▶ **Supplied material**:
-*-*-

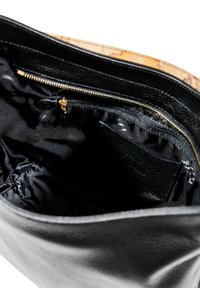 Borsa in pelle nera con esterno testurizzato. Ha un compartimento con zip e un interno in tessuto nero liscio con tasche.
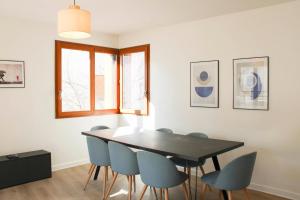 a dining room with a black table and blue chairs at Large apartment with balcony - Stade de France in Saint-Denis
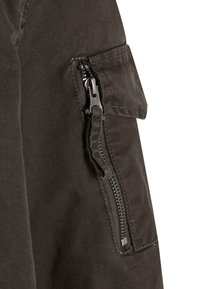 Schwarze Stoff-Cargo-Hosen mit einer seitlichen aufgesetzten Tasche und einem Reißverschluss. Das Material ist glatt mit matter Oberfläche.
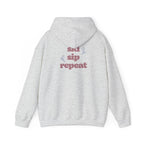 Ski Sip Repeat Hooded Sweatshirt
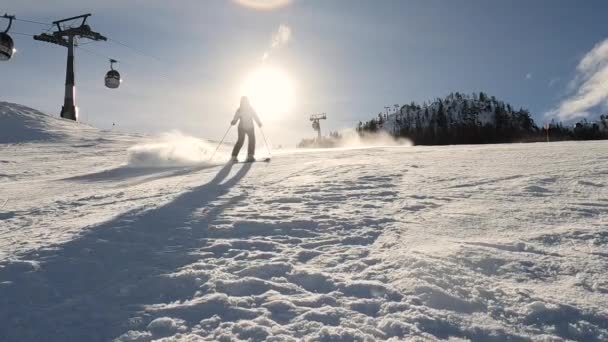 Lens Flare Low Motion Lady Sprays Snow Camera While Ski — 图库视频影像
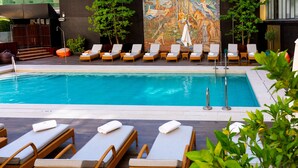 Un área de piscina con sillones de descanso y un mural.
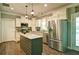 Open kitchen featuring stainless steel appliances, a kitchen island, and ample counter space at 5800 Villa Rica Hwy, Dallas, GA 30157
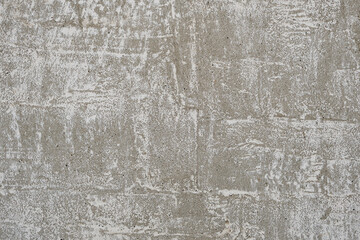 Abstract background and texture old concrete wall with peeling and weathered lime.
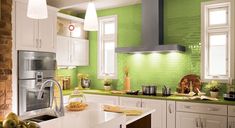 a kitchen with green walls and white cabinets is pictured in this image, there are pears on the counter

-*-*-

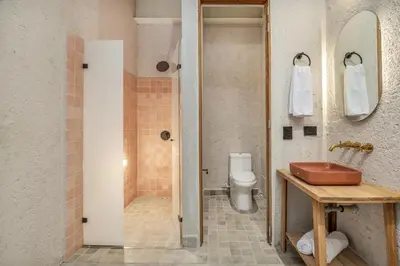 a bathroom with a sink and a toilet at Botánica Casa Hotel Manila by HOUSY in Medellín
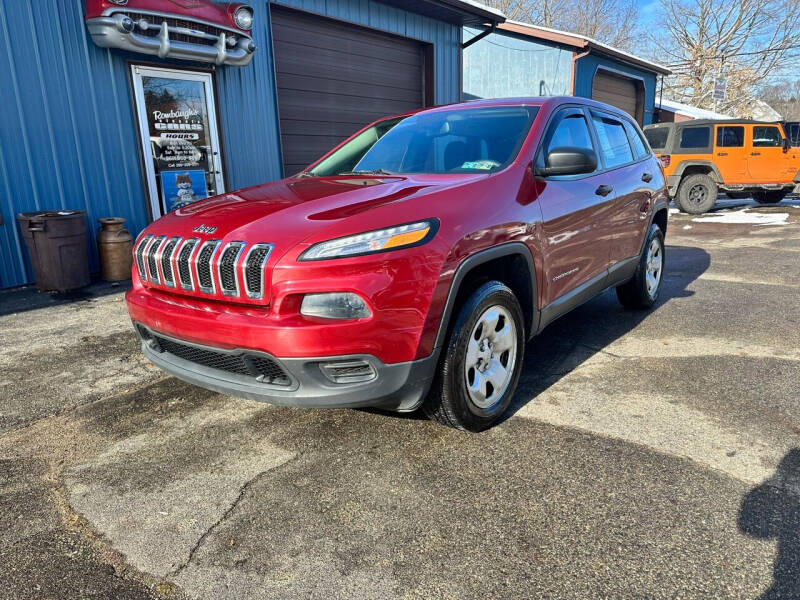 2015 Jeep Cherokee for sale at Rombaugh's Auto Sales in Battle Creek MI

-*-*-

Using the entries above, transcribe every line from the line containing "Borsa in pelle" through the line containing "a kitchen with". Do not copy pictures.

 Borsa in pelle nera con esterno testurizzato. Ha un compartimento con zip e un interno in tessuto nero liscio con tasche.
 a dining room with a black table and blue chairs at Large apartment with balcony - Stade de France in Saint-Denis
 Schwarze Stoff-Cargo-Hosen mit einer seitlichen aufgesetzten Tasche und einem Reißverschluss. Das Material ist glatt mit matter Oberfläche.
 Ski Sip Repeat Hooded Sweatshirt
 Lens Flare Low Motion Lady Sprays Snow Camera While Ski — 图库视频影像
 Un área de piscina con sillones de descanso y un mural.
 Open kitchen featuring stainless steel appliances, a kitchen island, and ample counter space at 5800 Villa Rica Hwy, Dallas, GA 30157
 Abstract background and texture old concrete wall with peeling and weathered lime.
 a kitchen with green walls and white cabinets is pictured in this image, there are pears on the counter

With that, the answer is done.